『コクリコ坂から』に潜む歴史の闇 宮崎吾朗監督が抱える、逃れられない呪いとは?
スタジオジブリの長編アニメーション『コクリコ坂から』が、「金曜ロードSHOW!」でオンエアされます。1960年代を生きる高校生の海、俊たちの青春がまぶしく描かれた作品です。デビュー2作目となる宮崎吾朗監督の成長ぶりを感じさせる一方、企画・脚本を担当した父・宮崎駿氏の存在もやはり作品に大きな影響を与えたようです。
ファンタジーではないジブリアニメ
スタジオジブリの人気劇場アニメ『コクリコ坂から』(2011年)が、4年ぶりに地上波で全国放映されます。放送枠は2020年8月21日(金)の「金曜ロードSHOW!」(日本テレビ系)です。宮崎吾朗監督のデビュー2作目となる本作は、興収44.6億円のヒットを記録。宮崎吾朗監督の父親である宮崎駿氏は、企画・脚本を担当しています。
建設業界出身、アニメーター経験のなかった宮崎吾朗監督に対して、デビュー作『ゲド戦記』(2006年)では「二世監督」という厳しい声も出ましたが、興収76.9億円という結果を残しました。『コクリコ坂から』はスタジオジブリらしさを感じさせつつ、それまでのジブリにはなかった新しさも吹き込まれた作品となっています。
宮崎駿作品はSFやファンタジーものが多かったのですが、『コクリコ坂から』は高校生の男女を主人公にした青春・恋愛ものです。学生運動が華やかだった1960年代を舞台にしているため、現代から見れば一種のファンタジーのように思える世界ですが、ジャンル的には非ファンタジー作品となっています。
少女マンガ原作ならではの驚きの展開
主人公となるのは、横浜で暮らす高校2年生の海(CV:長澤まさみ)。船乗りだった父親は、海が幼い頃に亡くなっています。母親は大学助教授をしており、家にはほとんどいません。海は下宿生たちのために朝ご飯の準備や洗濯をするなど、寮母のように忙しく働いています。いかにもスタジオジブリらしい、明るく健気なヒロインです。
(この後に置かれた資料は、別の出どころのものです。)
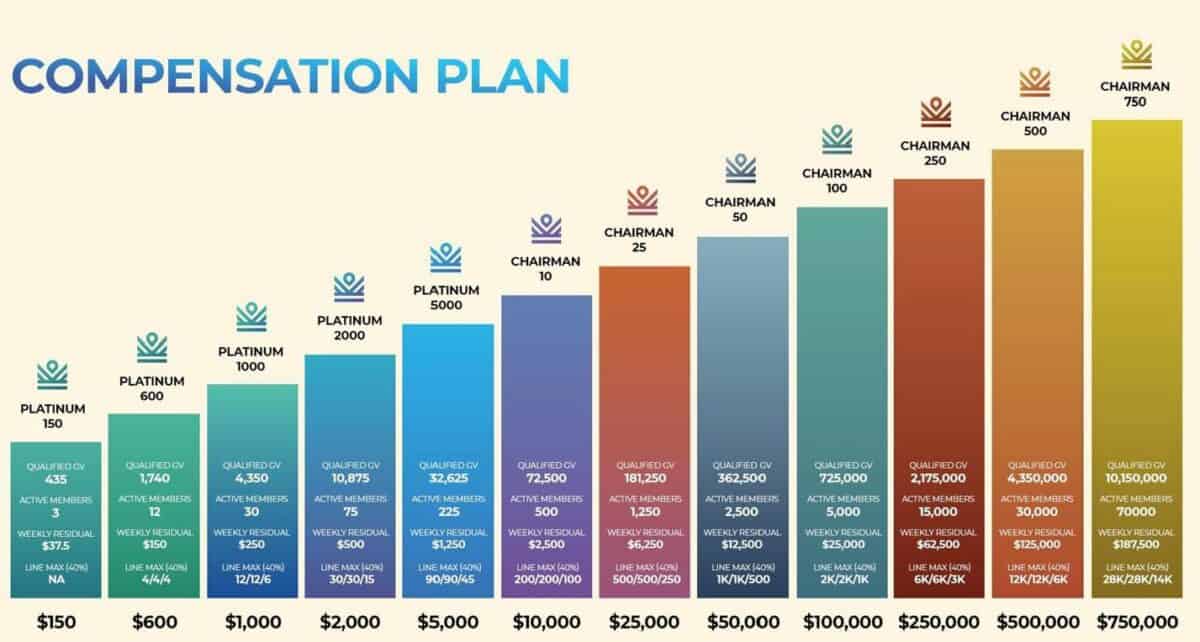IM Mastery Academy (iMarketsLive) Erfahrungen – Chance oder Betrug? IM Academy Vergütungsplan als Balkendiagramm. Die Stufen reichen von Platinum 150 bis Chairman 750, mit steigenden Vergütungen und Anforderungen an aktive Mitglieder. Die höchste Stufe, Chairman 750, bietet ein wöchentliches Residualeinkommen von $187.500. Die Farben der Balken variieren je nach Stufe..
そんな海は、高校に昔からある文化系の部室棟「カルチェラタン」の存続運動をめぐって、学生新聞を発行する高校3年生の俊(CV:岡田准一)と知り合い、お互いに惹かれるものを感じるのでした。海の自宅で開かれるパーティーに俊も参加し、いいムードになるふたりです。ところが、海が亡くなった父親の写真を見せたところ、俊は顔をこわばらせるのでした。
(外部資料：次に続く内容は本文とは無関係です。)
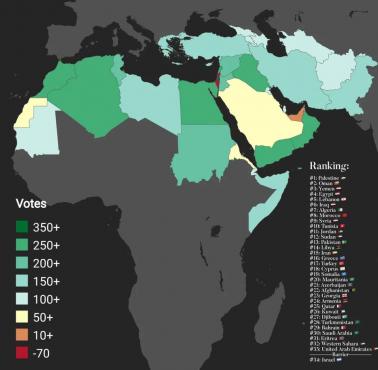 Najbardziej lubiane i nielubiane kraje na Bliskim Wschodzie przez mieszkańców Bliskiego Wschodu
急によそよそしくなった俊の態度に、海は戸惑います。少女マンガ原作(原案:佐山哲郎、作画:高橋千鶴)ならではの驚きの展開に加え、海の自宅の下宿人たち、カルチェラタンを守ろうとする同級生たち、さらに出版社を経営する徳丸理事長(CV:香川照之)など、個性豊かなキャラクターたちがドヤドヤと登場する、賑やかなドラマとなっています。